Paráronse los mercaderes al son destas razones, y a ver la extraña figura del que las decía, y por la figura y por las razones luego echaron de ver la locura de su dueño; mas quisieron ver despacio en qué paraba aquella confesión que se les pedía, y uno dellos, que era un poco burlón y muy mucho discreto, le dijo:
-Señor caballero, nosotros no conocemos quién sea esa buena señora que decís; mostrádnosla: que si ella fuere de tanta hermosura como significáis, de buena gana y sin apremio alguno confesaremos la verdad que por parte vuestra nos es pedida.
-Si os la mostrara -replicó don Quijote-, ¿qué hiciérades vosotros en confesar una verdad tan notoria? La importancia está en que sin verla lo habéis de creer, confesar, afirmar, jurar y defender; donde no, conmigo sois en batalla, gente descomunal y soberbia. Que, ahora vengáis uno a uno, como pide la orden de caballería, ahora todos juntos, como es costumbre y mala usanza de los de vuestra ralea, aquí os aguardo y espero, confiado en la razón que de mi parte tengo.
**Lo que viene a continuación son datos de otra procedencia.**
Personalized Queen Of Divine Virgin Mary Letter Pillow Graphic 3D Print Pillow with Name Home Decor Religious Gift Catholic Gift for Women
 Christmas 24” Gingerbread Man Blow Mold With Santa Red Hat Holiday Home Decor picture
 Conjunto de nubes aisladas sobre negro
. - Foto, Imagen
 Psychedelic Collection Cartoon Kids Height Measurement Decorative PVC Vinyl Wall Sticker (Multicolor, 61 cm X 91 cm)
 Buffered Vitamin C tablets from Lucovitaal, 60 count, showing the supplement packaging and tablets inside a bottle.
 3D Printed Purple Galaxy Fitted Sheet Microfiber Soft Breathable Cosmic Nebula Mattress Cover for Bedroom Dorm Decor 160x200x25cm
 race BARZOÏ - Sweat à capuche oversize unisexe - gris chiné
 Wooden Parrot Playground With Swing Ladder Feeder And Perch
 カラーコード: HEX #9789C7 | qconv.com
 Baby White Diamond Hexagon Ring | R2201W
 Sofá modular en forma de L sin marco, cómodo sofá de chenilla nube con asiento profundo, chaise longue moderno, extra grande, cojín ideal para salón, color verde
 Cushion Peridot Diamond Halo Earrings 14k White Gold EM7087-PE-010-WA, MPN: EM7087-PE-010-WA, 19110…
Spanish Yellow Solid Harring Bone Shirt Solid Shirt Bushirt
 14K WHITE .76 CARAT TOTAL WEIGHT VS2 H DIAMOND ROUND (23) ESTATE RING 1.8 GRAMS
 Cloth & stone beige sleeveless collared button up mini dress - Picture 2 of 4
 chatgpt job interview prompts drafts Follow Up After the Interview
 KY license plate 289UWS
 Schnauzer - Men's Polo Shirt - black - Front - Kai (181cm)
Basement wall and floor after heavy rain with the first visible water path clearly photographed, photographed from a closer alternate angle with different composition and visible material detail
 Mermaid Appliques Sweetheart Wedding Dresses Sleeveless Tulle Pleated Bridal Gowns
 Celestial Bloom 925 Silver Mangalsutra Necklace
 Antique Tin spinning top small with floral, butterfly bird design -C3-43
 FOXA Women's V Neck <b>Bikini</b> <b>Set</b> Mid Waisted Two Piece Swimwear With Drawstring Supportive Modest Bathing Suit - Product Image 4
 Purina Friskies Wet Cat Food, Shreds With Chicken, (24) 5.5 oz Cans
-Señor caballero -replicó el mercader-, suplico a vuestra merced, en nombre de todos estos príncipes que aquí estamos, que, porque no encarguemos nuestras conciencias confesando una cosa por nosotros jamás vista ni oída, y más siendo tan en perjuicio de las emperatrices y reinas del Alcarria y Extremadura, que vuestra merced sea servido de mostrarnos algún retrato de esa señora, aunque sea tamaño como un grano de trigo; que por el hilo se sacará el ovillo, y quedaremos con esto satisfechos y seguros, y vuestra merced quedará contento y pagado; y aun creo que estamos ya tan de su parte que, aunque su retrato nos muestre que es tuerta de un ojo y que del otro le mana bermellón y piedra azufre, con todo eso, por complacer a vuestra merced, diremos en su favor todo lo que quisiere.